--- Action item ---
Below are some records; work out how many of their lines contain "Sport" and give the number only.

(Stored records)

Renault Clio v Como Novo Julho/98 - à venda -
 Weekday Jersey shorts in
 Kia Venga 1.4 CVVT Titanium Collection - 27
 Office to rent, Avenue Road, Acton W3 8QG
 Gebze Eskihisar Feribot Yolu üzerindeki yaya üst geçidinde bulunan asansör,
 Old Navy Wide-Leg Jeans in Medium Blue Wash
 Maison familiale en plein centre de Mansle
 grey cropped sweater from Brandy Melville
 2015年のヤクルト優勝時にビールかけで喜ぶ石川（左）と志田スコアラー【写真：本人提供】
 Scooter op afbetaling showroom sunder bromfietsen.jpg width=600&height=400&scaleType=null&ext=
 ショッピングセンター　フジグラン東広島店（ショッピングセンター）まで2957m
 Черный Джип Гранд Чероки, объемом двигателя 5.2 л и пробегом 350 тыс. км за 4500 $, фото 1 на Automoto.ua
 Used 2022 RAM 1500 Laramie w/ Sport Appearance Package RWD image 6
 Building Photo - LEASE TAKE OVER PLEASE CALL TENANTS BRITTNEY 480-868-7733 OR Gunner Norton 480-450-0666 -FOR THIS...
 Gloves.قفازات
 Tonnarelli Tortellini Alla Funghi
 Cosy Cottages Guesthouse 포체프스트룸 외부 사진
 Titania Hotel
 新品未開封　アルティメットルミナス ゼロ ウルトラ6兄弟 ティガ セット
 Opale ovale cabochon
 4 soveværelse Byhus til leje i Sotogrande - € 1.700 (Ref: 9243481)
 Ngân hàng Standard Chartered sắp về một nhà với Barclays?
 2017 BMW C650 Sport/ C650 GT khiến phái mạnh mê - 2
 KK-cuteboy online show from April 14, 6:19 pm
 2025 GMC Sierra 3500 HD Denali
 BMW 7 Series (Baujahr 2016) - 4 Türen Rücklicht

--- Solved problem ---
2